# Smoking some Catfish



## jcam222 (Jun 24, 2017)

I used to get out a lot fishing and every year around June time frame i would catch a bunch of catfish and a guy at work would smoke them for me. He did smaller cats skin on and they were delicious. I fish rarely but on a whim hit it today and got a nice mess of channel cat. Most of them larger than what he used to do for me. 

These catfish are out of deep cold rock bottom water. I have had several fish frys with them and they are as mild as any farm raised you will ever taste. Should make for great smoked fish. May even try to convert some to smoked fish dip. 

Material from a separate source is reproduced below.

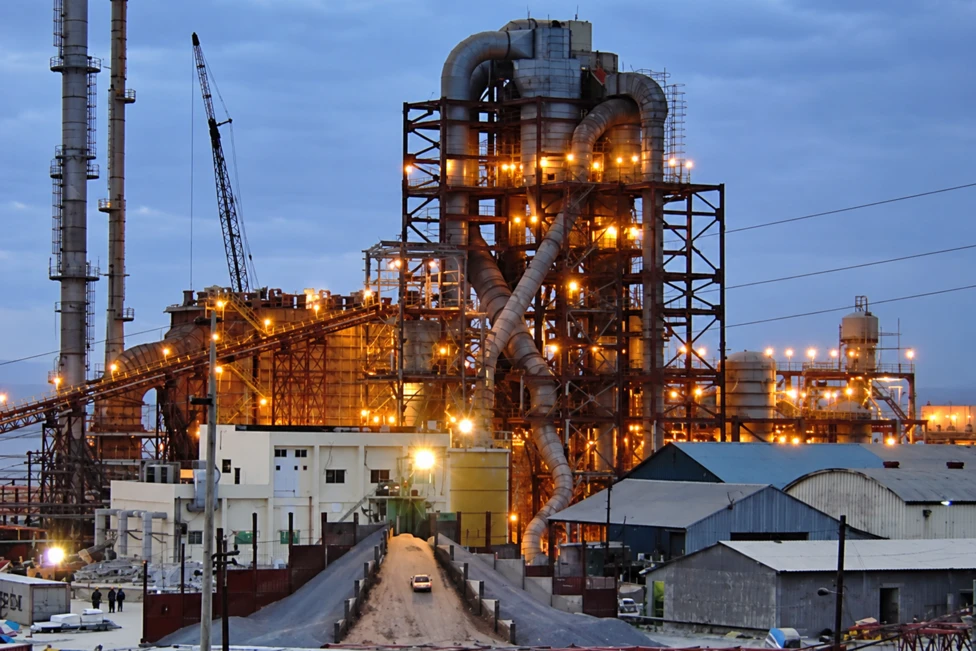 Tata Chemicals ordered out of Kenya by president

I have two with skin on and the rest skinned, all gutted and heads removed. Have them soaking in a simple brine of salt, soy, garlic , brown sugar and some cayenne. Gonna brine for about 4 hours and then smoke them at 190 until they hit 145 degrees. Hoping they are even have as good as his were. 













catfish.jpg



__ jcam222
__ Jun 24, 2017


















brine1.jpg



__ jcam222
__ Jun 24, 2017


















brine2.jpg



__ jcam222
__ Jun 24, 2017


----------



## jcam222 (Jun 24, 2017)

Well I stumbled on some articles regarding botulism concerns when hot smoking. I used the brine below

1 gallon cold water
3/4 cup non-iodized table salt, or canning salt
1 cup brown sugar
1/2 cup soy sauce
3 cloves of garlic, crushed
1 tablespoon ground black pepper
1 teaspoon ground cayenne pepper
that doesnt seem to have near the 7 to 1 ratio of salt reccomended to kill botulism. 

It also reccomends you maintain a temp of 160 degress for a solid half hour at the end. 

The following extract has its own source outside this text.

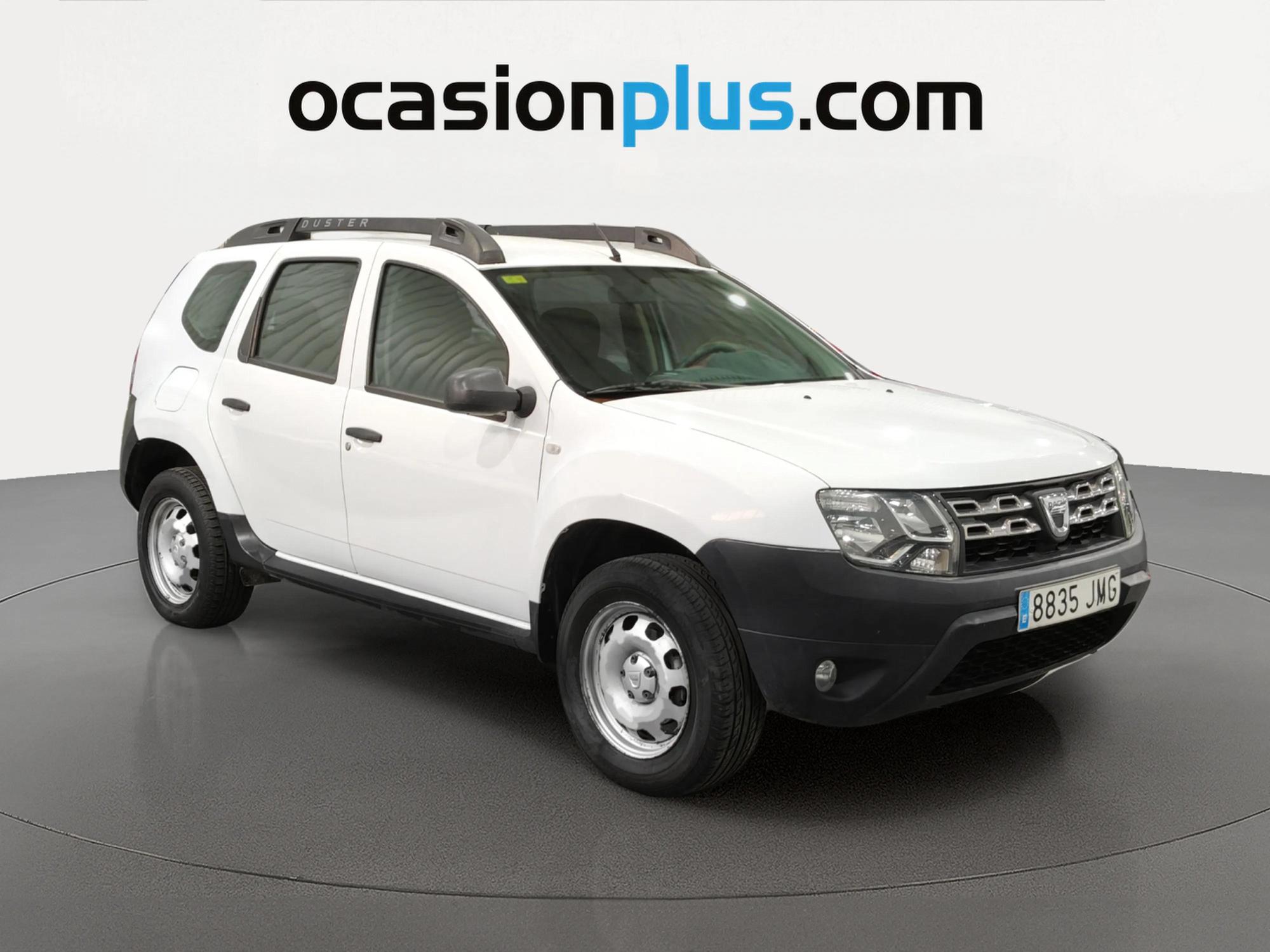 Foto del DACIA Duster 1.5dCi Ambiance 4x2 90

Anyone comment? Sure hate to waste them all as they are in the smoker but Safety first


----------



## mosparky (Jun 24, 2017)

Safe temp for fin fish is 145, you plan on taking them to 160. That part should be good to go. Not sure how the 40-140 rule will apply here. To be on the safe side, as long as you hit a 140 IT inside 4 hrs, you should be good to go there as well.

 Let us know how it comes out. I got 2 huge Channel fillets in the freezer waiting for a turn on the smoker. Probaly fry one of them in case the she-beast doesn't like the smoked.


----------